In akademischen Elfenbeintürmen tüfteln Theoretiker an einer Utopie: Die Schüler sollen, natürlich, weiterhin gut ausgebildet und aufs Berufsleben vorbereitet werden. Aber bitte ohne Druck, ohne Leistungsgedanken. Noten? Weg damit. Diese fördern doch bloss einen ungesunden Konkurrenzkampf. Der Lehrer ist ja auch nicht mehr Autoritätsperson, sondern in der Klasse ein Teil des Teams.
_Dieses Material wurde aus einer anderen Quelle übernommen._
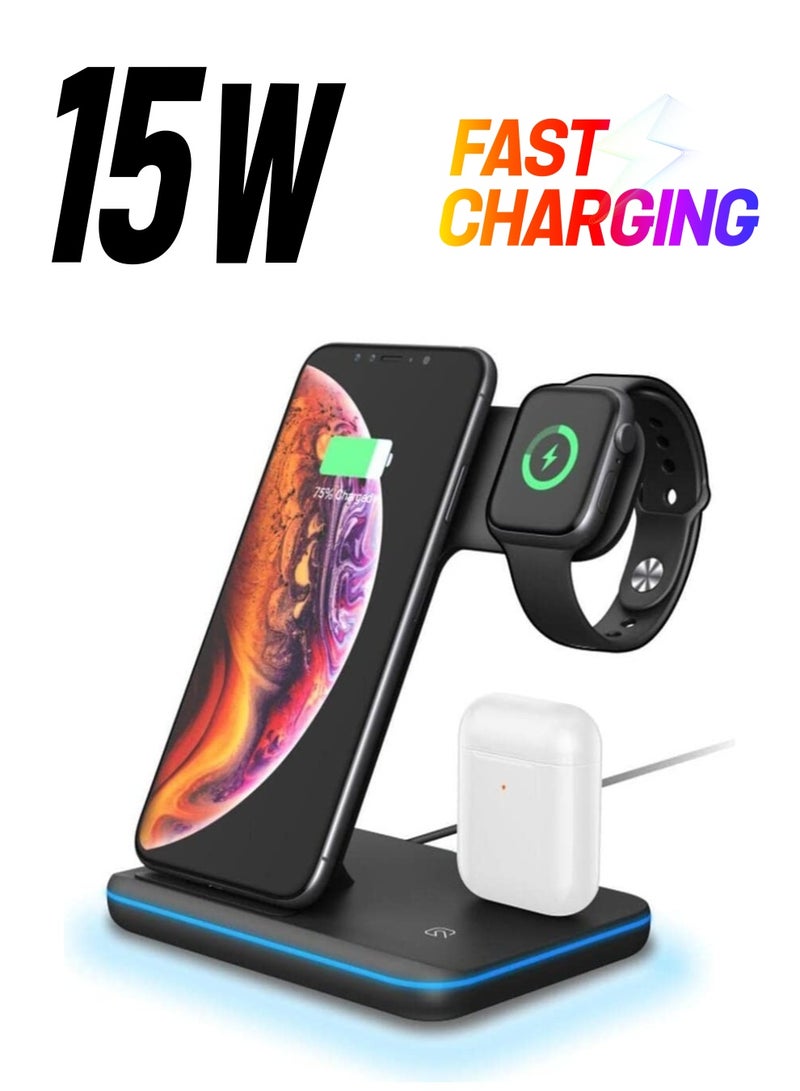 3-In-1 Fast Wireless Charger | Wireless Charging Station 15W Qi Fast Wireless Charger Stand Mainly Compatible For Smart phones | Smart watches  - Image 1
Wissen ist ohnehin nicht mehr wichtig, vermittelt werden sollen Kompetenzen.

Dieser Reformwahn führt zum Verlust von Schulfächern – oder zur Abschaffung von klassischen Prüfungen. Im KV gibt es kein Rechnungswesen mehr, sondern es steht «Smalltalk», eine sogenannte Handlungskompetenz, auf dem Stundenplan. Dann braucht es, ganz praktisch, auch keine Tests mehr. Es überrascht also nicht, dass in den Berufsschulen dieses Landes ab 2026 keine Abschlussprüfungen mehr im allgemeinbildenden Unterricht (ABU) stattfinden sollen. Warum den Kenntnisstand abfragen in Themen wie Gesellschaft, Wirtschaft, Recht oder Sprache, wenn es auch eine Abschlussarbeit tut (vielleicht noch, ganz gemütlich, verfasst mit KI)?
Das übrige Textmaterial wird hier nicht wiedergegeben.